The electrical activity of the muscles during the measurements was recorded by electromyography (EMG) electrodes (Neuroline 720, Ambu A/S, Denmark) in bipolar arrangement (pre-gelled and adhesive Ag/AgCl electrodes, 5 mm diameter, 20 mm inter-electrode distance). EMG activity was measured from the m. soleus, m. gastrocnemius, and m. tibialis anterior of both legs following SENIAM guidelines (Hermens et al., 1999). A ground electrode was placed on the clavicle. EMG-activity was measured simultaneously with MEG (Elekta Neuromag® TRIUX™, Elekta Oy, Helsinki, Finland; 100 MΩ input impedance, <1 mV rms baseline noise) using the same bandpass filter (0.1–330 Hz) and sampling rate (1,000 Hz).

Dynamic Balance Tests

In a sub-set of subjects (young: n = 10, older n = 9), dynamic balance performance to perturbations induced by a horizontally sliding force platform were measured. This platform is known to induce stretch-reflex responses of the triceps surae muscles (Piirainen et al., 2013). Subjects underwent a familiarization session to become accustomed to the test procedures 3 days prior to testing. During testing, subjects stood with feet hip-width apart and hands positioned together (resting) in front of the body. The platform slid forwards (six trials) or backwards (six trials) every 8–12 s in a randomized order so that the subjects could not anticipate the stretches. The platform was programmed to slide at a maximum acceleration of 2.9 m·s−2, maximum velocity of 24 cm·s−1, and total displacement of 30 cm. A black cross was fixed on the wall 3 m from the subject at eye level to stabilize the subject’s visual focus during the measurements. Peak anterior-posterior center-of-pressure (CoP) displacement and velocity were analyzed. Only trials where the platform slid backwards were taken into the analyses, as this engages the triceps surae muscles, and the results of the six trials were averaged.

MEG Data Processing

Continuous MEG data were first preprocessed off-line using temporal signal-space-separation with head movement compensation to suppress external interferences and to correct for head movements during recording (Taulu and Simola, 2006). The MEG, EMG, and acceleration signals were band-pass filtered offline at 0.4–195 Hz.

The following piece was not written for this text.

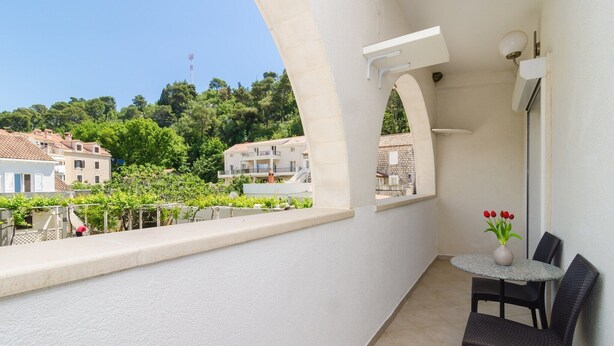 Varanda com mesa redonda e cadeiras, vaso com flores e vista para edifícios e vegetação.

MEG data was visually inspected, and any remaining bad channels were removed. All further analyses were performed using MNE Python software version 2.7.15. Any trial that was contaminated by artifacts was also removed. A bandpass filter of 1–40 Hz was applied to the raw data. Independent components analysis (FastICA, Hyvärinen and Oja, 2000) combined with automatic component selection was run to automatically detect and manually confirm artifacts derived from eye movement and/or cardiac signals. All data was manually checked for other artifacts, and those epochs were removed if necessary. Thereafter, epochs from −0.5 s to 2.0 s were created with respect to the trigger onset (0 s) and MEG signals were averaged across all epochs (72 ± 2 averages were obtained for each subject—there were no differences in the number of trials accepted to analyses between age-groups).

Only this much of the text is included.